JooL International, la startup ivoirienne qui ubérise l'utilisation des drones en Afrique

Grâce à sa solution de drone « in the box », JooL International, l'entreprise ivoirienne qui a racheté la startup française Drone Hive, s'impose progressivement dans les secteurs de la surveillance, de l'agriculture, des mines et du BTP en Côte d'Ivoire et projette une extension régionale de ses activités. Entretien avec Lancine Doumouya, son co-fondateur.
(Crédits : DR.)

La Tribune Afrique - De quelle façon votre parcours vous a-t-il conduit à concevoir des drones made in Côte d'Ivoire ?

Lancine Doumouya - Je suis diplômé de l'Institut national polytechnique d'Abidjan. J'ai suivi des études en mécanique, électronique, informatique, robotique et systèmes complexes. J'ai rencontré Joseph-Olivier Biley, le co-fondateur de JooL International, alors que j'étais encore étudiant, en 2017. Il cherchait des compétences pour développer les drones au sein de l'entreprise WeFly Agri qui était alors la pionnière du secteur. Je suis arrivé dans cette entreprise à l'âge de 19 ans, comme stagiaire.
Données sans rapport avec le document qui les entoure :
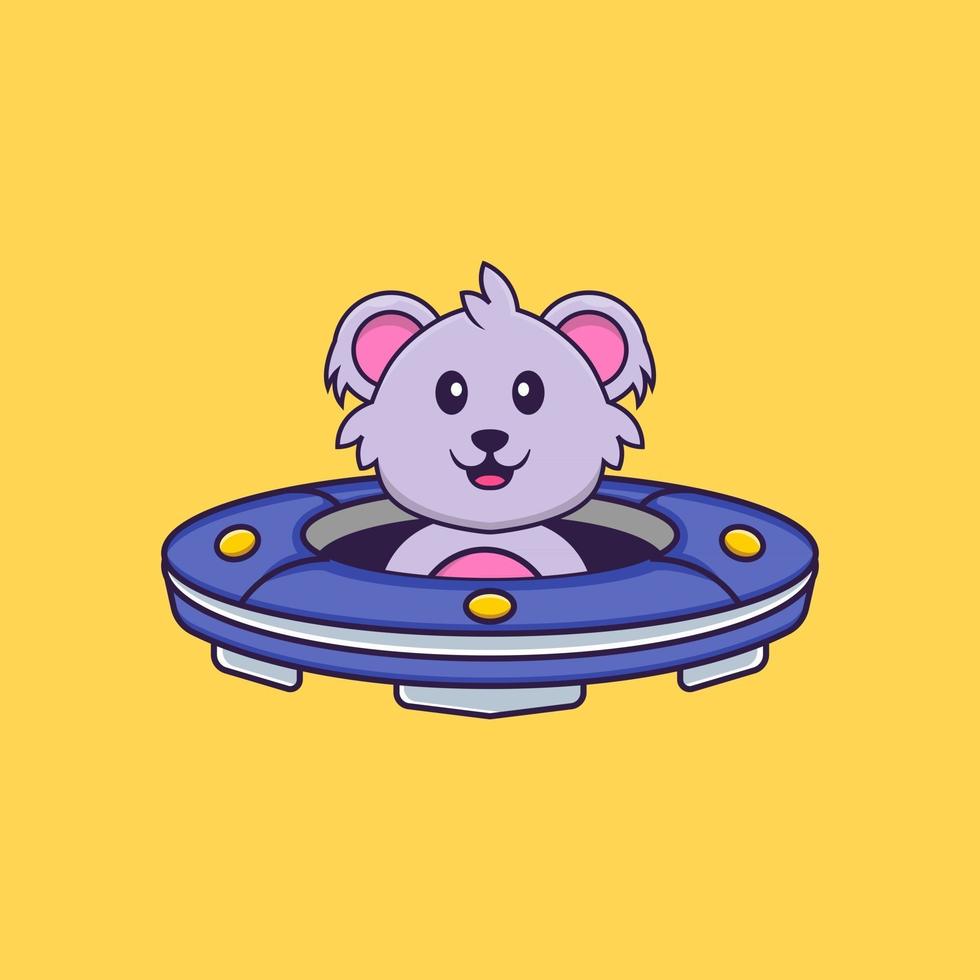 lindo koala conduciendo nave espacial ovni. aislado concepto de dibujos animados de animales. Puede utilizarse para camiseta, tarjeta de felicitación, tarjeta de invitación o mascota. estilo de dibujos animados plana vector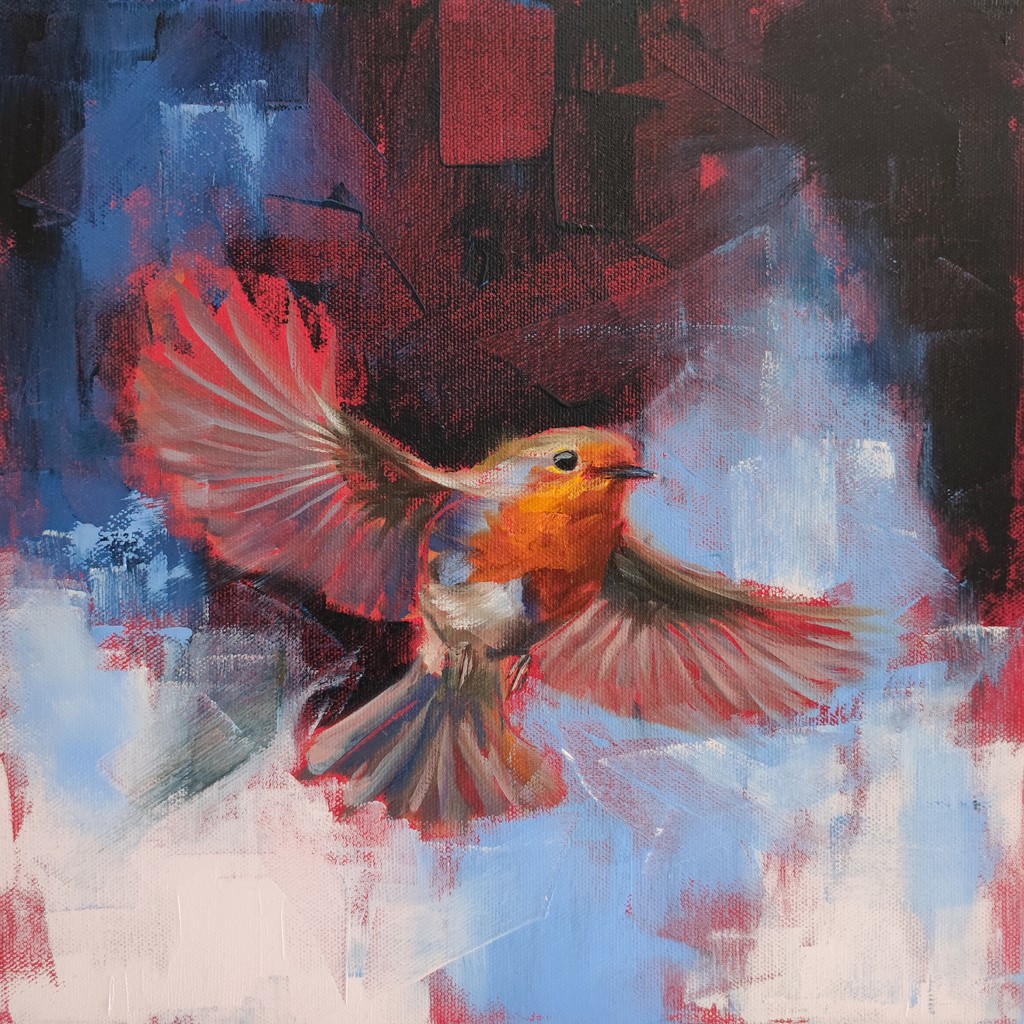 Behold, a soaring #robin painting, a beautiful symbol of love, spring, and hope. Here's to embracing optimism and aiming for the best!⁠ ⁠ Title: 'Song of Hope' oil canvas panel 12x12' £500 (~$645)⁠ ready to ship!⁠ ⁠khortview.etsy.com/listing/143852…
Trois ans plus tard, alors que je m'employais à améliorer des drones achetés à l'étranger qui étaient limités en termes de performance, nous avons décidé de créer nos prototypes en créant une nouvelle entité, JooL International. Nous avons lancé l'entreprise en août 2001. Peu après, nous avons racheté Drone Hive pour sa technologie de pointe, ce qui nous a permis de gagner beaucoup de temps en termes de recherche et développement.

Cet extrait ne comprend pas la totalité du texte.